Hannah, a senior at a private university in New York City, can’t think of a single semester when she bought all the books she needed for her classes. “Even when I was studying abroad,” she said, “there was no way for me to get through the semester without dropping $500-plus on textbooks, which I couldn’t afford.”
So she didn’t buy them. That semester, Hannah, who asked that her name be withheld due to privacy reasons, found most of the books she needed on Scribd, an e-book subscription service. “I used my free trial to do pretty much all my work for the semester and to take screenshots of things so I could access everything once the trial ended,” she said. If she couldn’t find them there, then she would do without.
Hannah’s tuition and housing is covered by scholarships, but she has to use student loans to pay for her health insurance; she pays for other necessities, including textbooks, out of pocket. In other words, her generous financial aid package isn’t enough to cover the essentials. Her situation is far from unusual: A 2014 report by the Public Interest Research Groups found that two-thirds of surveyed students had skipped buying or renting some of their required course materials because they couldn’t afford them.
Textbook publishers, for their part, have begun acknowledging that textbooks and other course materials have become so expensive that some students simply can’t afford them, even if it means their grades will suffer as a result. Publishers claim that new technologies, like digital textbooks and Netflix-style subscription services, make textbooks more affordable for all. But affordability advocates say that if anyone is to blame for the fact that textbook costs have risen more than 1,000 percent since the 1970s, it’s the publishers — and, advocates claim, these new technologies are publishers’ attempt to maintain their stranglehold on the industry while disguising it as reform.
Why textbooks cost what they do
Conversations about college affordability tend to focus on tuition, and with good reason — the cost of attending college in the US increased 63 percent between 2006 and 2016, according to a report by the Bureau of Labor Statistics. Compared to tuition, which can cost out-of-state students at public universities as much as $26,000 per year or upward of $40,000 at some private colleges, the amount of money students spend on things like textbooks can seem negligible.
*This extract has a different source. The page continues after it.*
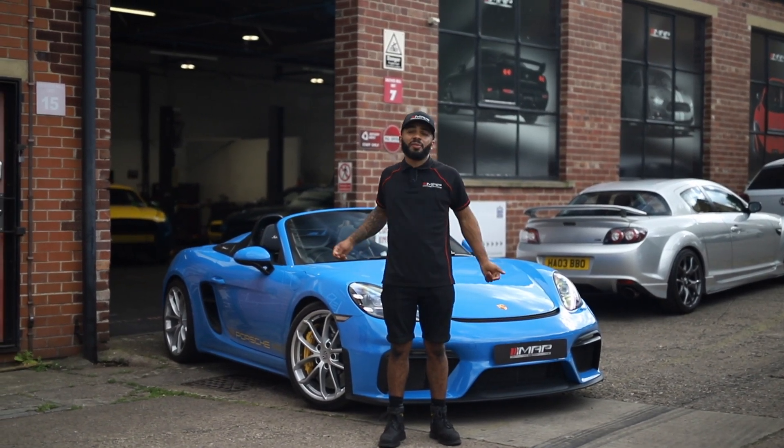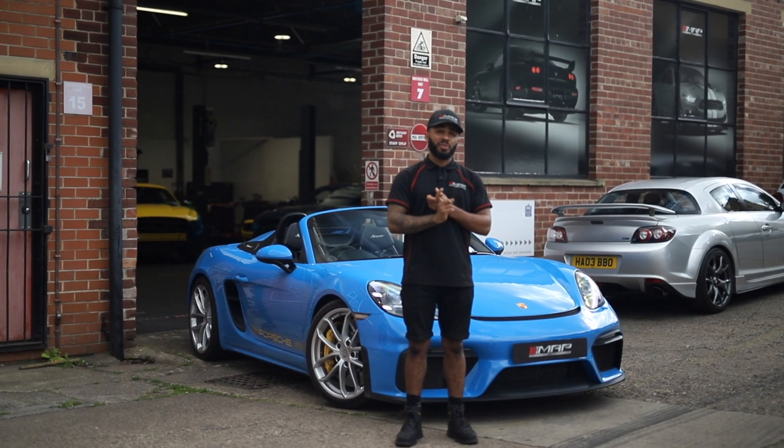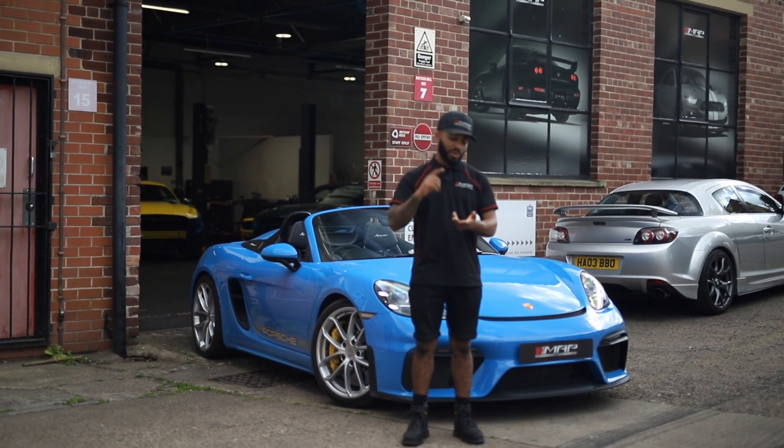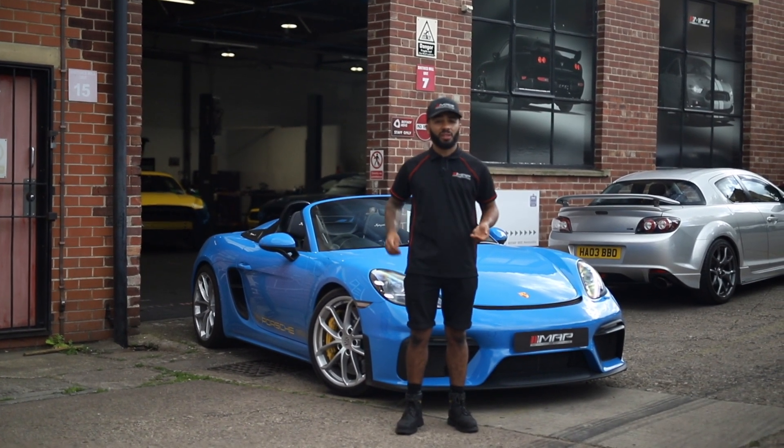Welcome back to the channel. Today we've got this 718 Cayman Spyder in with us and we're fitting a pair of Akrapovic link pipes, and we're going to be doing one of our custom tunes on this car. So let's get the parts installed and the car tuned. Let's go!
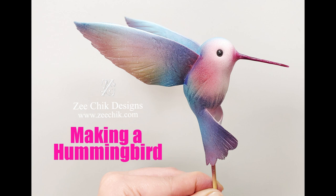Hello everyone. In this video I'm going to show you some steps when I make this hummingbird. This is not a full tutorial as such, but I will talk you through the steps and show you how I spray paint it.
But the price of textbooks has similarly skyrocketed over the past decade: Textbook costs increased 88 percent between 2006 and 2016, according to the BLS report. The College Board suggests that students set aside $1,200 each year for books and other course materials, which can be an exorbitant amount of money for students who come from low-income backgrounds.
Not all textbooks are created equal, and not all textbooks are equally priced. Books for humanities courses like art history tend to cost less than those for STEM (science, technology, engineering, and math) courses like chemistry or calculus. (Scott Virkler, the chief product officer for the higher education group at McGraw-Hill, told me that books for “quantitative courses” tend to cost more because “the content itself costs a lot more to build and maintain” than it does for other types of courses.)
Some professors don’t assign textbooks at all, instead opting to fill their syllabi with a combination of journal articles and other texts, some of which cost money, some of which don’t. Thanks to the advent of textbooks that come bundled with online access codes — a single-use password that gives students access to supplementary materials and, in some cases, homework — other professors can rely on one textbook for almost everything.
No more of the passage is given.